[Extracted records]
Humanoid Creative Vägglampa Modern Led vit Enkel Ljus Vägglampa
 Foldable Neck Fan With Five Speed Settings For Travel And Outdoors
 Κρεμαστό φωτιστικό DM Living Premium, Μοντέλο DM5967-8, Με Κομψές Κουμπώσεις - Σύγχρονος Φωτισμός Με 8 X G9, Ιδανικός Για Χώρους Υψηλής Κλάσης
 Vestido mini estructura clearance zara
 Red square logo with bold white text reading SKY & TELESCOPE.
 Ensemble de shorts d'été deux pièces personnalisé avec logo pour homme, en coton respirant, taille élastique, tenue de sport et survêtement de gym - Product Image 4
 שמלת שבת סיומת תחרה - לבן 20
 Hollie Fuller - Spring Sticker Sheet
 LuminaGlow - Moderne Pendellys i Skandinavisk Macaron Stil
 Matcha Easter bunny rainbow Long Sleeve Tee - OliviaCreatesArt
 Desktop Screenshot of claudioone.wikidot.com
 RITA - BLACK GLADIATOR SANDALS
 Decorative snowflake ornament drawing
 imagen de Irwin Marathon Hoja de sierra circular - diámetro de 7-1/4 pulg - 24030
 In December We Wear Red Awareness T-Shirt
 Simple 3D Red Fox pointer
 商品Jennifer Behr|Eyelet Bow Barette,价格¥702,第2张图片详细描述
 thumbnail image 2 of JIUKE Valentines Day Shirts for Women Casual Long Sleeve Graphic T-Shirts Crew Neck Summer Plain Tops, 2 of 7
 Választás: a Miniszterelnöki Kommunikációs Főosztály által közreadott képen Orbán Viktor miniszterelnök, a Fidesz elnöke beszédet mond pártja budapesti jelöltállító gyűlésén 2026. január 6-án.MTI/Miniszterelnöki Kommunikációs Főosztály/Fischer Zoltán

*AIM OF THE EXERCISE:* Which lines of the records above hold the word "logo"? Copy each of them.

*SOLUTION:*
 Red square logo with bold white text reading SKY & TELESCOPE.
 Ensemble de shorts d'été deux pièces personnalisé avec logo pour homme, en coton respirant, taille élastique, tenue de sport et survêtement de gym - Product Image 4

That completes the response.